Advisory: HP ProLiant Servers - HP NC55x Network Adapters Using Firmware Older Than Version 4.1.450.7 May Experience Continuous Pause Frames :
Notice: BladeSystem c-Class Server Blades: NC532i/NC532m Network Adapters - Optimizing Network Performance Under Windows Server When the MTU is Set to 5000 Bytes (or More) and PAUSE Frames Are Enabled :
08-22-2013 07:54 AM - edited 08-22-2013 08:16 AM
Wondering if any of the folks experiencing this have found a resolution? We're experiencing the same problem with VC FW 3.70/OA FW 3.60 in an environment with 3 linked chassis. Interestingly enough, we have a test environment with 2 chassis and the same FW versions that has never experienced the issue. Both have inter-chassis stacking links setup per the best practices guides, etc.

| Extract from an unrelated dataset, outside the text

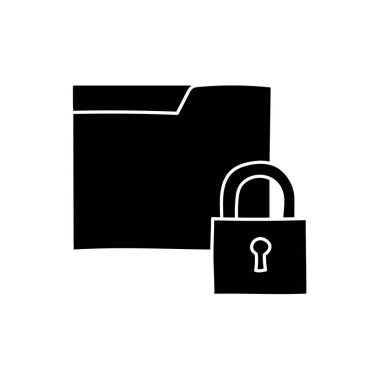 Dizin kilidi siyah el çizilmiş simgesi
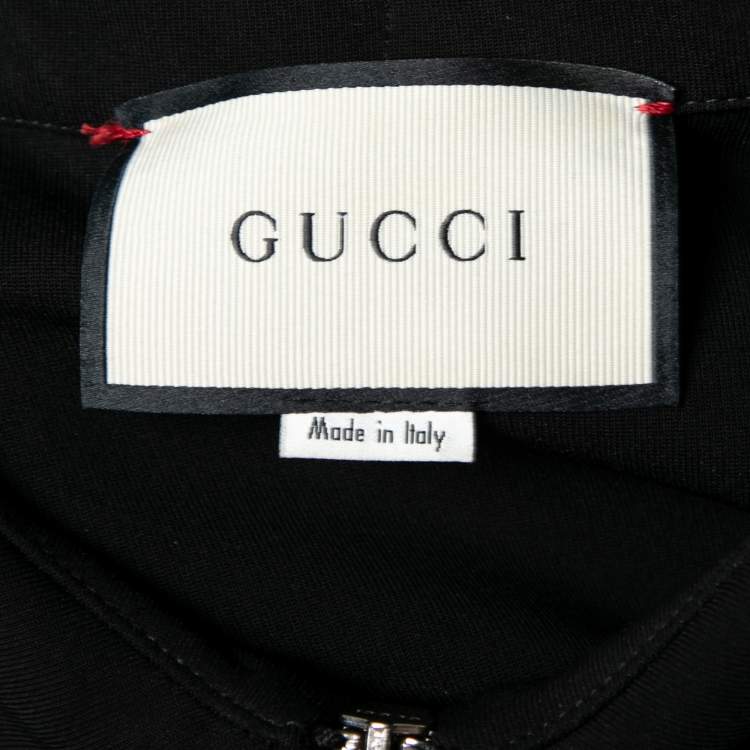 Pre Owned Gucci Black Stretch Jersey Sylvie Web Trim Ruffled Dress XL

I was thinking of upgrading both OA/VC FW, but it sounds like VC FW 3.75 still exhibits the issue. We've got an open case with HP at the moment and yesterday they swapped an OA (problem still occurred last night, after the swap.)
Has anyone tried VC FW4.01? This seems a bit to early for a production release, but we need this issue resolved. As stated earlier in the thread - the majority of the time this has no impact on the blades. The one time it did impact things it tore down an entire Oracle RAC cluster :(
08-22-2013 06:36 PM
What fixed the problem for us was to upgrade all chassis to v3.70 and all the blades (FW + Drivers) to the corresponding SPP (2012.10) version. For ESX servers I have looked at the Solution Recipe documents from HP-VMware to make sure all firmware/driver versions are aligned.
I have to say it's been very stable for months now.
10-18-2013 07:26 AM
We are still seeing this as well on different platforms. We see this on a VC 1/10 platform that is updated to 3.60 as well as a 3.70 Flex 10 platform. On my 1/10 platform all of the VC's disconnect and reconnect from the network. So for HP and Cisco have found nothing to suggest a cause. No Pause Frames, and NLP is disabled. No duplicate IP's either.
Any suggestions would be appreciated.